Exercise objective:
What you write should be an exact repeat of the lines from the one with "MAZDA MAZDA3 2013 VIN JM1BL1TG5D1796307" through the final line below, minus the pictures.

Information shown:
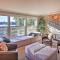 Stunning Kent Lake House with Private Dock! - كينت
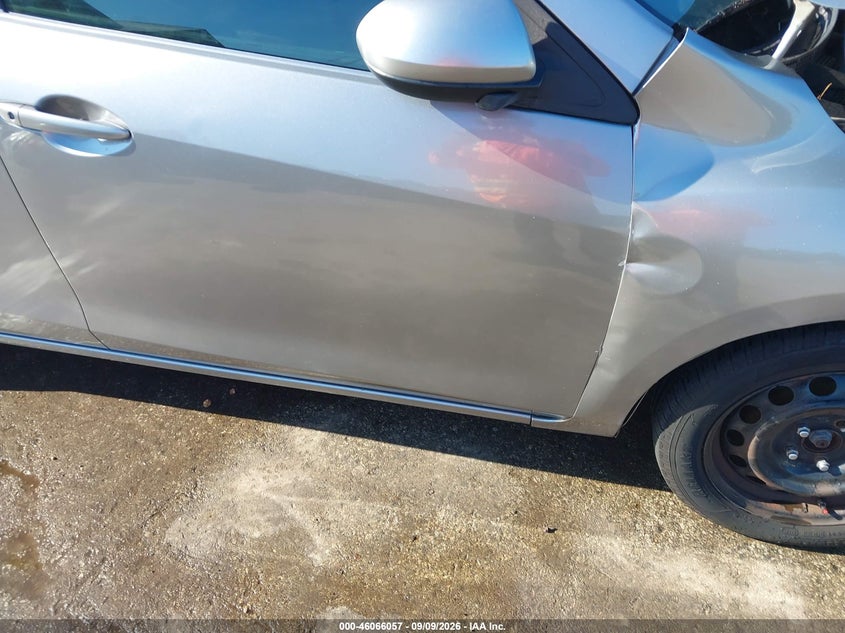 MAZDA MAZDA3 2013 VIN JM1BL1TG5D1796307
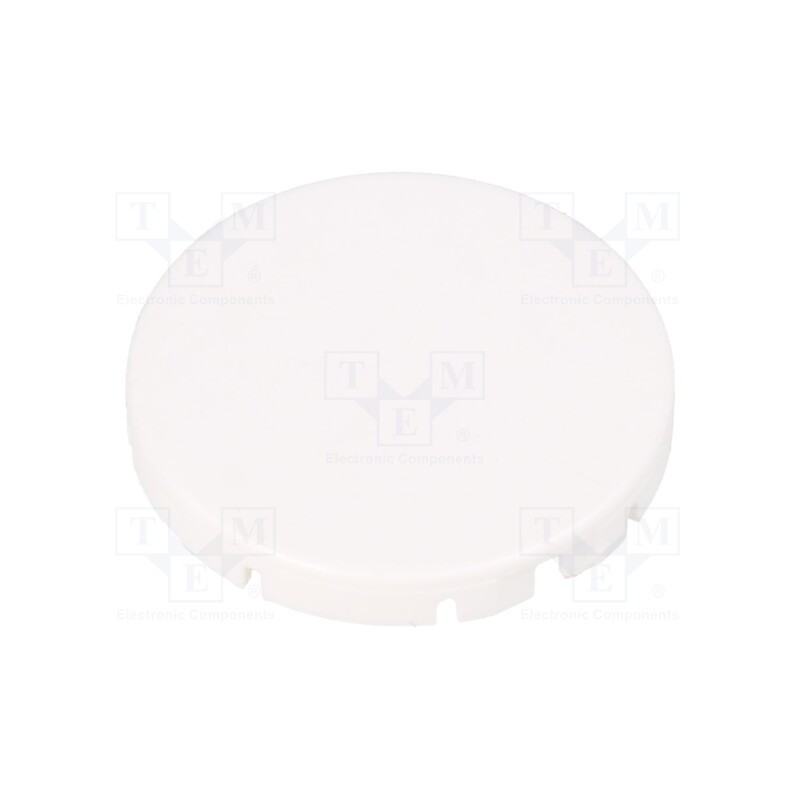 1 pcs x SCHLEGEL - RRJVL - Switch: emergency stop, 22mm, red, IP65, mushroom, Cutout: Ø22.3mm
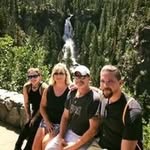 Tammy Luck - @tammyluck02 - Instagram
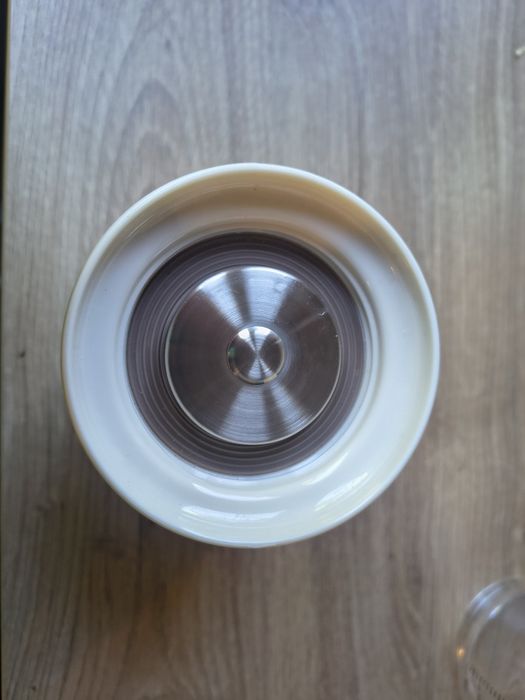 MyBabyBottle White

Written response:
 MAZDA MAZDA3 2013 VIN JM1BL1TG5D1796307
 1 pcs x SCHLEGEL - RRJVL - Switch: emergency stop, 22mm, red, IP65, mushroom, Cutout: Ø22.3mm
 Tammy Luck - @tammyluck02 - Instagram
 MyBabyBottle White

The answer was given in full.